Why invest in State Street’s new ASX 200 ethical ETF (E200)?
The new SPDR fund is the first ethical ETF to track the ASX 200 index – here's how it compares to the rest.
For the first time, Australian investors will have the option of an "ethical" alternative to the benchmark S&P/ASX 200 index.
The SPDR S&P/ASX 200 ESG Fund (Ticker: E200) from US asset management firm State Street Global Advisors (SSGA) launched on Wednesday on the Australian Securities Exchange (ASX), becoming the first ethical-themed exchange traded fund (ETF) to track the ASX 200.
Meaghan Victor, head of SPDR ETF Asia Pacific, told Finder the fund's ESG (environmental, sustainable and corporate governance) scoring methodology is one of the most comprehensive in the industry.
"The securities are market cap weighted so they represent 75% of the market capitalisation of each industry group in the S&P/ASX 200 Index.

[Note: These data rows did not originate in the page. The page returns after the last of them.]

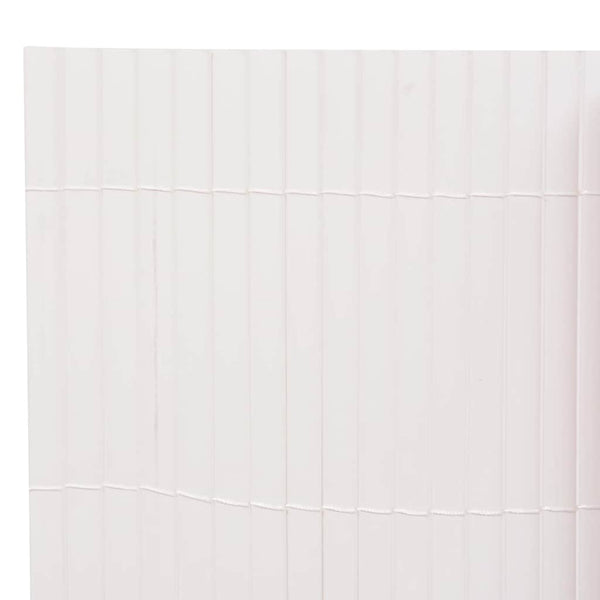 Gartenzaun Doppelseitig 110x400 cm Weiß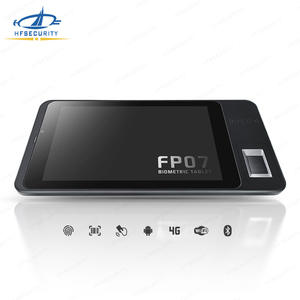 Gran oferta HFSecurity FP07 7 pulgadas GPS biométrico tableta resistente Android huella dactilar NFC ID escáner tiempo asistencia máquina para banco - Product Image 3
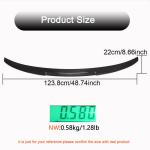 BMW I4 G26 2021-2023 Rear Trunk Spoiler Carbon Fiber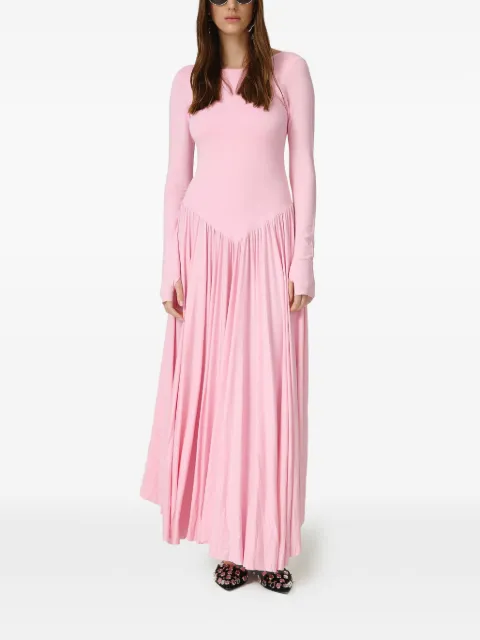 PNK long-sleeve gathered maxi dress Pink RLUSPARZ2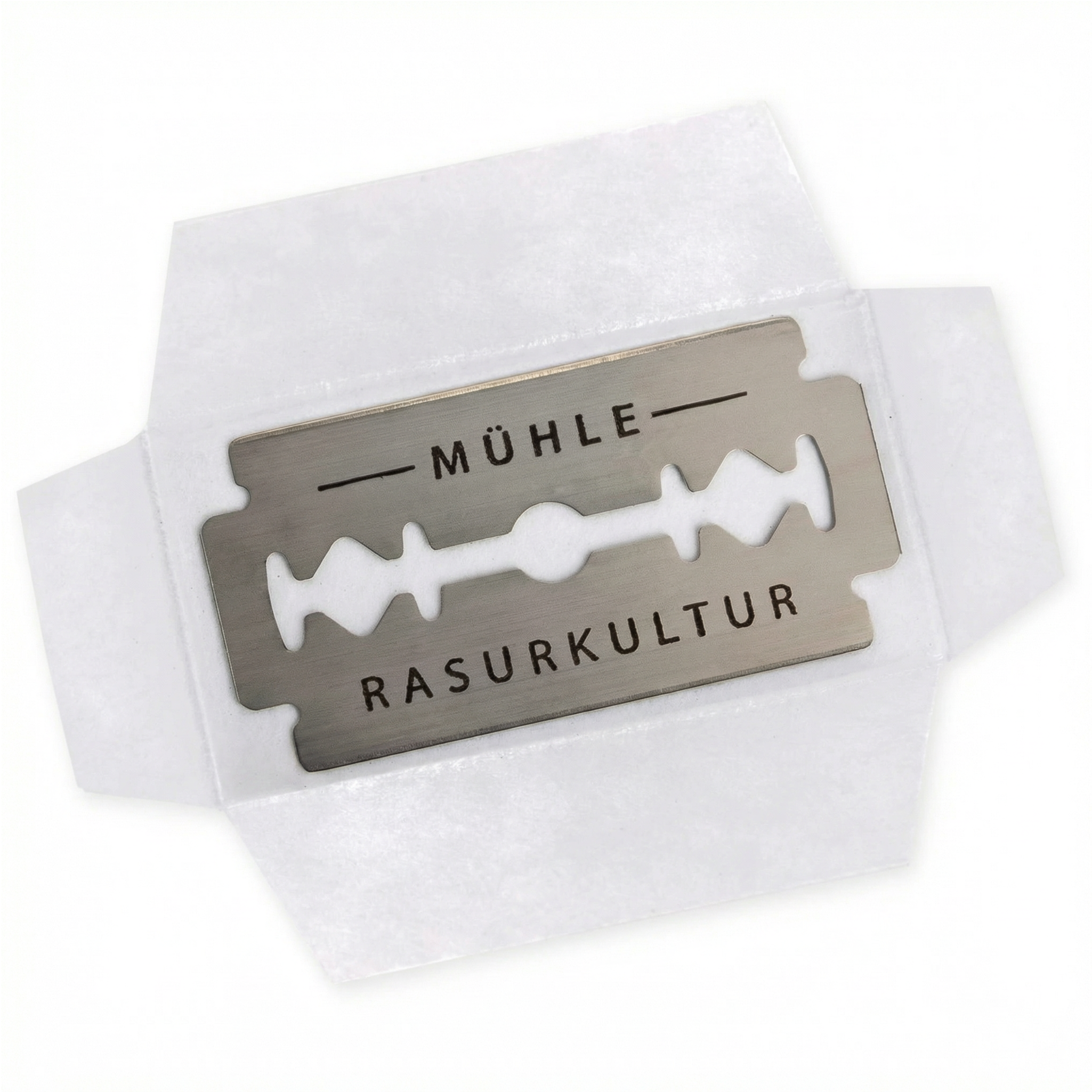 Mühle razor blade on a white background
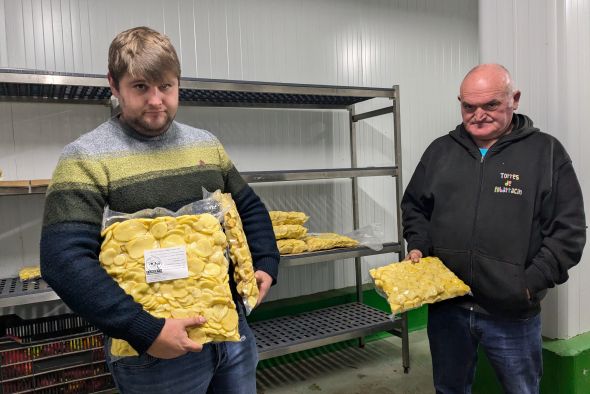 Torres de Albarracín se erige como despensa de patatas de la hostelería aragonesa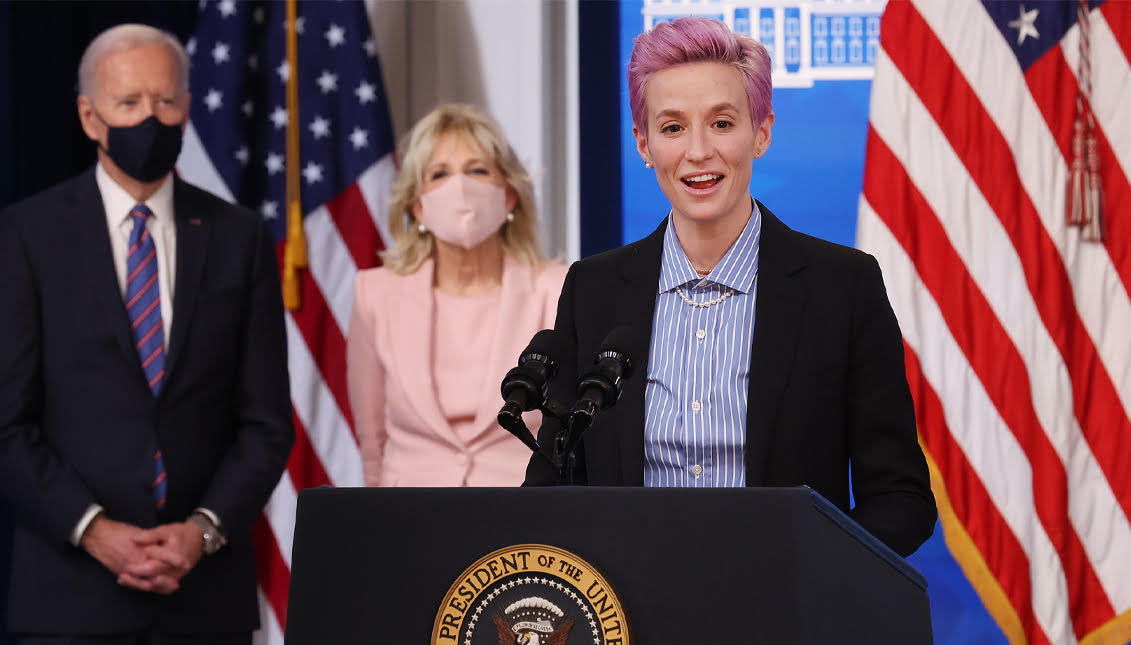 Megan Rapinoe. Photo: Getty Images
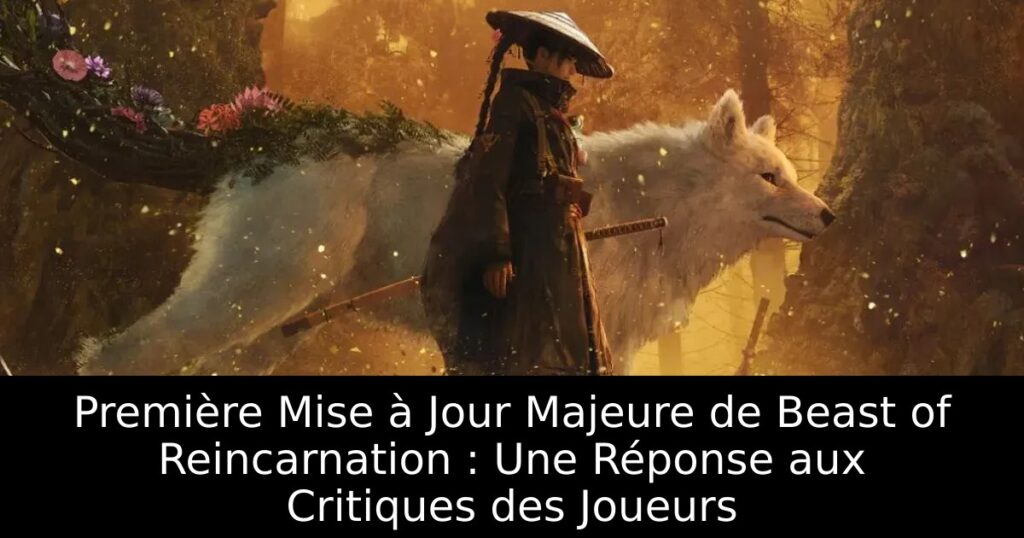 Première Mise à Jour Majeure de Beast of Reincarnation : Une Réponse aux Critiques des Joueurs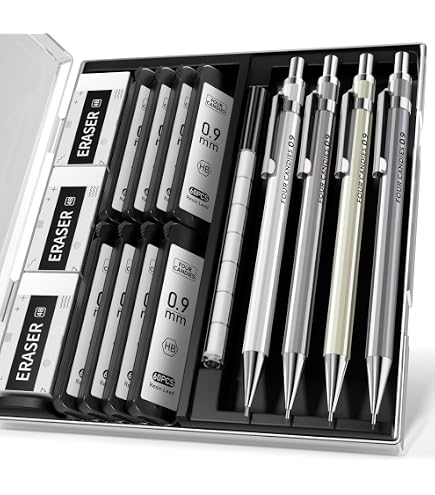 Amazon.co.jp: 金属製シャープペンシル3本セット - 0.5 & 0.7 & 0.9mm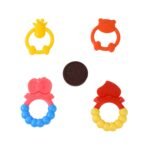Silicone Baby Teething Toys (1 Pc / Mix Design) - Image 5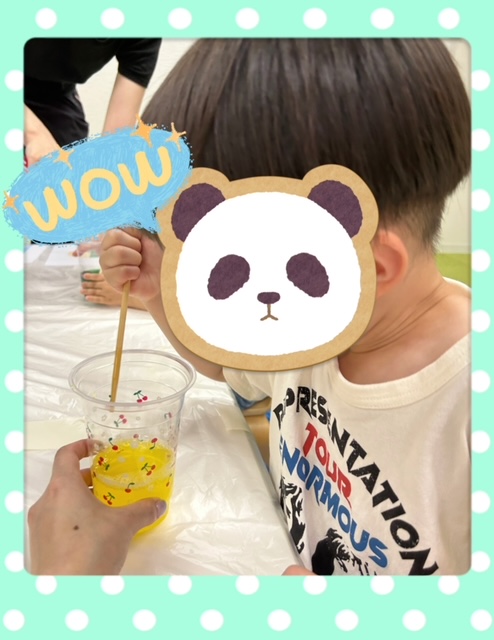 【南堀江】児童発達支援　泡あわジュース作り🍹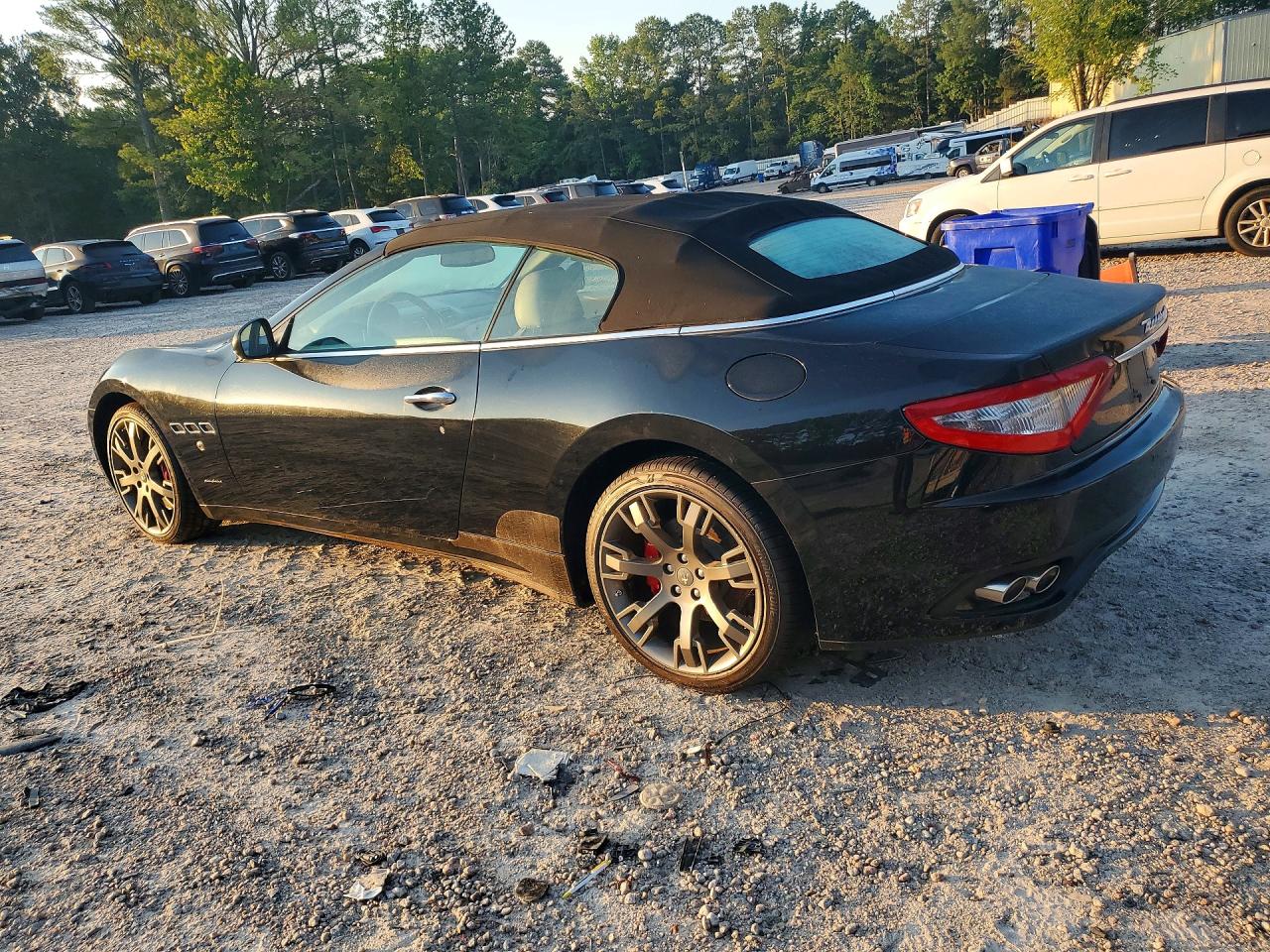 2011 Maserati Granturismo S Black vin: ZAM45KMA4B0056491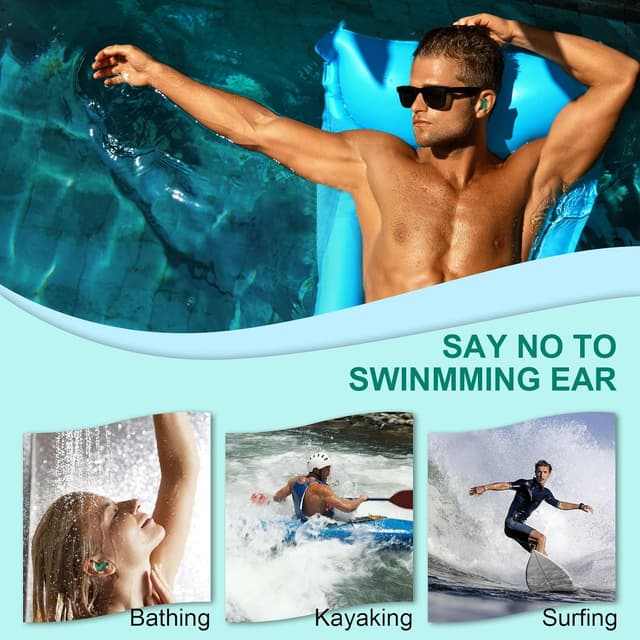Thumbnail 4 de Swimming Ear Plugs 3 Pairs 🏊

This is what will give the fund a similar risk-return profile to the S&P/ASX 200 Index," she said.
“The good thing about E200 is that it is transparent, meaning you can look under the hood to see what is included and whether that aligns with your values.”
What does "ethical" mean here?
E200 aims to mimic the performance of the 200 biggest companies on the ASX but removes any companies involved in tobacco or controversial weapons. It also filters companies in the bottom 25% of each sector in terms of ESG ratings.
The final list to date has around half the number of companies as the ASX 200, with just 102 meeting the fund's ethical criteria.
Notably, Commonwealth Bank (CBA), Goodman Group (GMG), Afterpay (APT) and TPG Telecom (TPG) are all missing from the list of holdings. Meanwhile, all other major Banks and numerous mining and gas companies such as BHP (BHP), Rio Tinto (RIO) and Fortescue Metals Group (FMG) seemed to have made the cut.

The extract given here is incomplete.